The case, G.C. v. Owensboro Public Schools, dealt with a student, G.C., who was involved in a string of disciplinary incidents and had communicated to school officials that he was suicidal. During his freshman year, school officials searched G.C.’s phone after an incident where he walked out of a meeting with a prevention coordinator, left the school building without permission, made a phone call to his father in the parking lot and was found in the parking lot with tobacco products in plain view. The school official who searched the phone cited concerns that the student was going to harm himself as a basis for conducting the search.
That fall, at the beginning of his sophomore year, G.C. violated the school cell phone policy by using his phone to send text messages during class.

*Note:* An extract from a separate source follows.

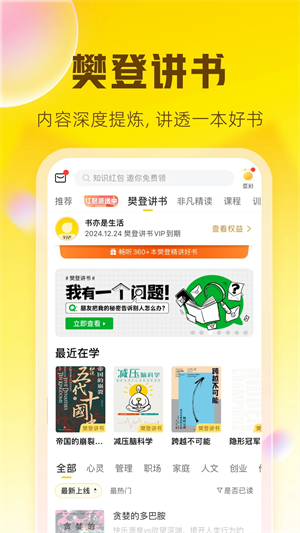 帆书免费会员版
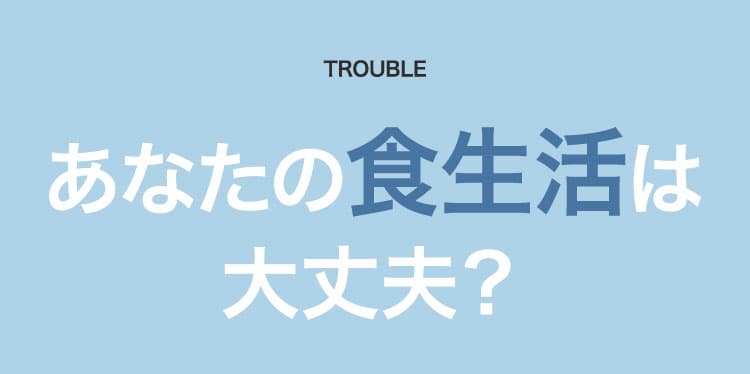 あなたの食生活は大丈夫？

His teacher confiscated the phone and delivered it to another administrator. The administrator read four text messages on the phone in an effort to see if there was evidence that he was going to harm himself. Although no evidence of misconduct was found on the phone, G.C., who was attending the school as an out-of-district student, was told that he had lost his privileges to attend Owensboro High School because of his behavior.

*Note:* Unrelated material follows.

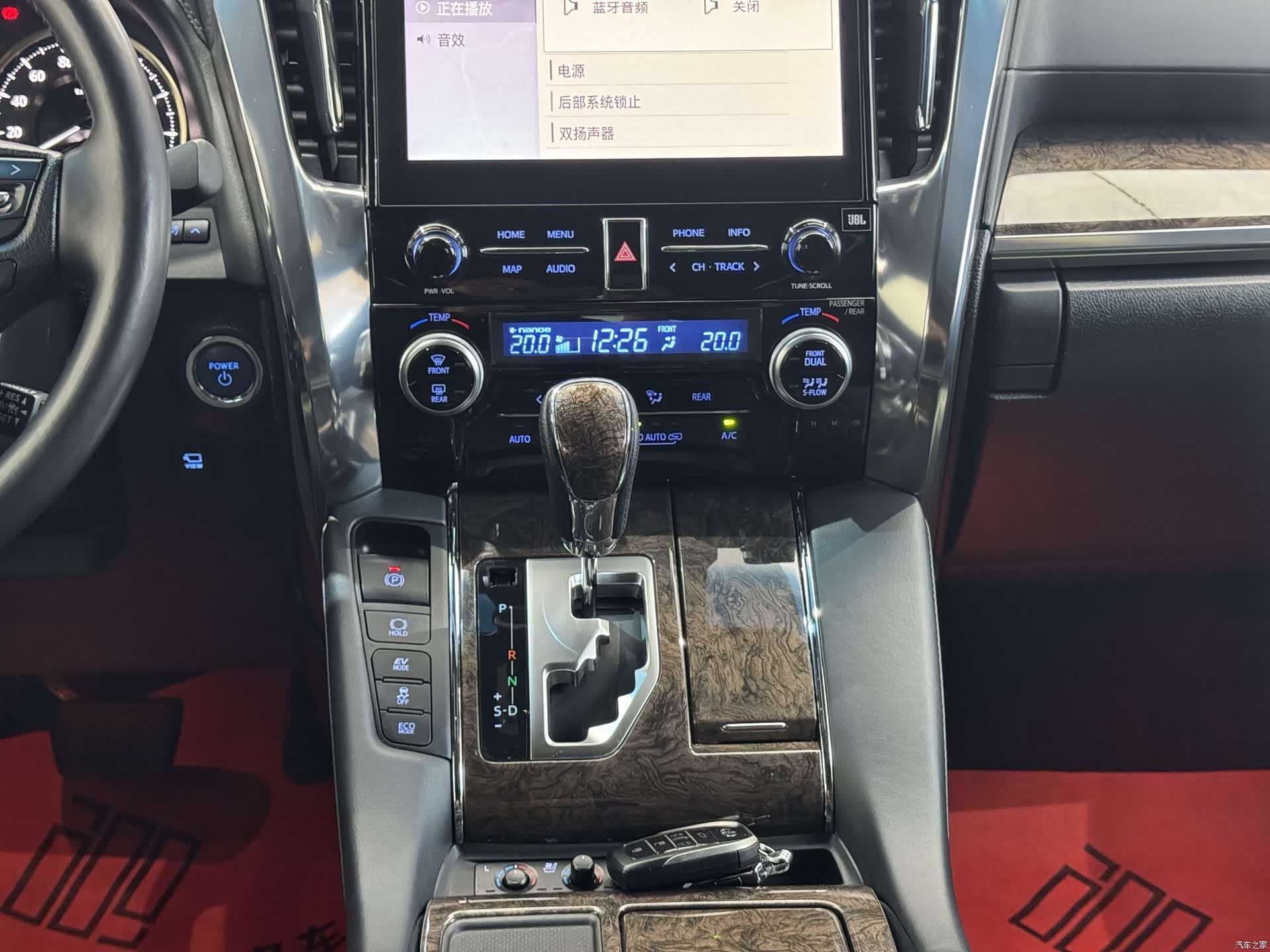 Toyota Vellfire, 2021 14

The Sixth Circuit Court of Appeals, addressed a number of issues in its decision, including whether the school district was required to provide G.C. a hearing before telling him he could not attend the high school (it was) and whether the school discriminated against him based on Section 504 of the Rehabilitation Act (it did not). But the most interesting element of the decision dealt with whether the school officials were justified in searching the student’s cell phone.

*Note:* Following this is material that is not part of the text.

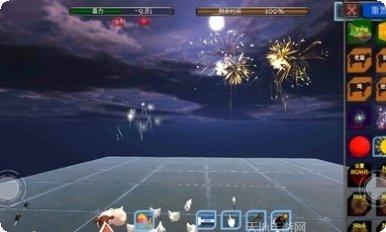 方块物理模拟器下载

As The New York Times recently reported, a Colorado school district is facing a civil rights complaint after refusing to allow a six-year-old transgender student to use the girls’ bathroom in a local elementary school. The case highlights the challenges that school administrators face when addressing requests by transgender students to use single-sex facilities in school.
On the one hand, families of transgender students, such as the Colorado student, argue that requiring a student to use a gender-neutral, separate facilities creates a stigma. If the facilities are difficult or time-consuming to access, families may see the request as unduly burdensome on the student. On the other hand, schools may have to balance the rights of the transgender students with other factors, such as the rights of other students and the need to maintain discipline.
The Colorado case provides an example of a situation in which the school believed the balance tipped against allowing the transgender student to use the girls’ restroom. The school allowed the student to wear female clothing to school and to be referred to as a female. The school also allowed the student to use a “gender neutral” bathroom in the school health room. In denying the student access to the girls’ bathroom, the school cited concerns about what would occur as the student, who was born a male, grew older and developed male physical characteristics. The school indicated that parents of students who were born female might have legitimate concerns with the transgender student using the same single-sex facilities as their daughters even if the student identifies and presents as female.
Such a decision is not without precedent. In Doe v. Clenchy, a court in Maine held that a school district could deny a transgender student’s request to use the female restrooms at school. The school allowed the student to use the restroom through the fifth grade, but that year a male student walked into the girls’ restroom while the transgender student and some of her friends were washing their hands. When confronted by administration the student said that his grandfather and guardian said if the transgender student could use the girls’ restroom, so could he. The court recognized that the school was placed in a difficult situation because of the desire of a student’s grandfather and guardian “to make a social statement.” The court also noted that it appeared inevitable that a controversy might arise since the parents of the transgender student had agreed to reevaluate the request if the parents of female students complained. The court found that the transgender student’s rights were not violated by the decision to require her to use a gender-neutral restroom in light of the facts of the case.